Hola, salut à toi et welcome Atacama!

Last time I heard music from a composer/architect, the piece was called Metastasis and the guy's name was Ιάννης Ξενάκης. Seriously, that piece changed my perception of glissandi :mrgreen: 

Christian


----------



## Thonex (Aug 23, 2008)

Bienvenue à notre petit coin de l'univers musical. 
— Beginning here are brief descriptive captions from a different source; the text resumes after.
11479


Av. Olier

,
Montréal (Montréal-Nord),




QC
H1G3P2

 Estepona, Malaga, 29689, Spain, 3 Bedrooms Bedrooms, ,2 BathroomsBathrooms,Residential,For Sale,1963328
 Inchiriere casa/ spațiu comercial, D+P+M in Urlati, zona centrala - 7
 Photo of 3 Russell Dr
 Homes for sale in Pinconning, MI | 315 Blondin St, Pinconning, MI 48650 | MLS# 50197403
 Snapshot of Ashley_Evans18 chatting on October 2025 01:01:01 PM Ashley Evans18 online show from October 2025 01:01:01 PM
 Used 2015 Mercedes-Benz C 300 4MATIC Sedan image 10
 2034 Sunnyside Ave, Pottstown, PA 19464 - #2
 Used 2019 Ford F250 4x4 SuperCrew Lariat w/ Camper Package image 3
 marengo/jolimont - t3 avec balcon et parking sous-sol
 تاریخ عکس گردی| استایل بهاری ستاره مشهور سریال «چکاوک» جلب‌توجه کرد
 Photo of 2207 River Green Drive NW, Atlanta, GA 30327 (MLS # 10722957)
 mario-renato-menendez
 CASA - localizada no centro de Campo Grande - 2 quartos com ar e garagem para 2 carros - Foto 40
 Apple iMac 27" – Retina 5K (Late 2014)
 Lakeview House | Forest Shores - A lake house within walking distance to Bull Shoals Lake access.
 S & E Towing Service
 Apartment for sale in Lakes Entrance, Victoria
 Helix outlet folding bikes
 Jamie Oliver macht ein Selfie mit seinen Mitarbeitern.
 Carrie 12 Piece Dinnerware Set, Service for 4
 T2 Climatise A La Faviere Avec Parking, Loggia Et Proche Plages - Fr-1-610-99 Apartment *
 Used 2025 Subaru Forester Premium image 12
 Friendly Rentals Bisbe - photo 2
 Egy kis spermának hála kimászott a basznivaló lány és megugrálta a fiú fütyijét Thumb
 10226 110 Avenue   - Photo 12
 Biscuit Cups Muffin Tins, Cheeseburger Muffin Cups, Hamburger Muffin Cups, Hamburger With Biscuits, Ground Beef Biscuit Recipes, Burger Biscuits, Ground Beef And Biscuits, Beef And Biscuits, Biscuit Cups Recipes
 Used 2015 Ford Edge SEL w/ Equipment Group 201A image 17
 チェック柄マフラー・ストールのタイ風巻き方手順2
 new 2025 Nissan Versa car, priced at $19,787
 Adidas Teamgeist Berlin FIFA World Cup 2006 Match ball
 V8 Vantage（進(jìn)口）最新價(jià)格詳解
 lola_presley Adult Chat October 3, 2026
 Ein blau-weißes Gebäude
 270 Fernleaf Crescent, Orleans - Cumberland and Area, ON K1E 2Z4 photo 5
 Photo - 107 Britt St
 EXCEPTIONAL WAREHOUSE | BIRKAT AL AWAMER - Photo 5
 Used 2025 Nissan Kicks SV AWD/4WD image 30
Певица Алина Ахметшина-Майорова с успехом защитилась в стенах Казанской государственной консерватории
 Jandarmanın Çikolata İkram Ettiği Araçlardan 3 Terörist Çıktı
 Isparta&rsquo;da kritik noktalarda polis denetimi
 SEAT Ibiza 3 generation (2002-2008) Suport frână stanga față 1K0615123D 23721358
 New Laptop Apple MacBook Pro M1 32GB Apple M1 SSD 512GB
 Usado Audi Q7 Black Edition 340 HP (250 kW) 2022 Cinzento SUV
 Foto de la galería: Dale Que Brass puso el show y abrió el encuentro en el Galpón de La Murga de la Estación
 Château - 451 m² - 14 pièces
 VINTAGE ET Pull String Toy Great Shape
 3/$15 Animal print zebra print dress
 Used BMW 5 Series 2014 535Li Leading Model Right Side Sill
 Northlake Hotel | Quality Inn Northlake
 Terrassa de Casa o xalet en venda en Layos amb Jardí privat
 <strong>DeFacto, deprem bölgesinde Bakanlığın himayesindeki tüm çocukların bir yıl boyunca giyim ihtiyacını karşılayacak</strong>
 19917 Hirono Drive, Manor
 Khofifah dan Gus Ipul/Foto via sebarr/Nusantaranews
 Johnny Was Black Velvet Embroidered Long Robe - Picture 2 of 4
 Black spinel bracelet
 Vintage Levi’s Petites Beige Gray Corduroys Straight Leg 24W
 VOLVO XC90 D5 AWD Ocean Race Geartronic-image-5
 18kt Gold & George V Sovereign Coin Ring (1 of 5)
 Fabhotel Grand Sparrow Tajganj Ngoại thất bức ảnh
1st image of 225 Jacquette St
Nous sommes heureux de vous avoir ici. Ne vous inquiétez pas de votre anglais...
de toutes facon, il semble que les Européens parlent anglais mieux que les Américains. 

Cheers,

T


----------



## Robobino (Aug 23, 2008)

Thonex @ Sat Aug 23 said:


> de toutes facon, il semble que les Européens parlent anglais mieux que les Américains.
> 
> Cheers,
> 
> T


Pas juste les Européens, les Québécois aussi, héhé... Parlez-en à notre belle Céline... o-[][]-o


----------



## alphonse (Aug 23, 2008)

hola amigo san pedro es mi pueblito non sans dec good music

si po


----------



## Atacama (Aug 23, 2008)

Hello,
I'm very glad about your kind words....
I feel fine about this forum.., better than others,....
and I hope you will listen to my music,
Beside I need to have a feedback from you,
Whatever bad or good critics, everything is welcome
in order to progress....
Cheers
Pablo

DESERT SONGS (Arabian dreams): 

http://www.box.net/shared/z6l1jyfx15 
http://www.box.net/shared/7tyg3c797f 
http://www.box.net/shared/bzanskkxrp 

I hope you can enjoy 

Greetings


----------



## Atacama (Aug 23, 2008)

San Pedro de Atacama?
Are you kidding?
Cheers again


----------



## CFDG (Aug 25, 2008)

Robobino @ Sat Aug 23 said:


> Pas juste les Européens, les Québécois aussi, héhé... Parlez-en à notre belle Céline... o-[][]-o


En passant, on attend toujours des excuses officielles pour nous avoir confié Roch Voisine si longtemps. >8o o=<


----------



## Markus S (Sep 14, 2008)

Hi from Paris also! :D


----------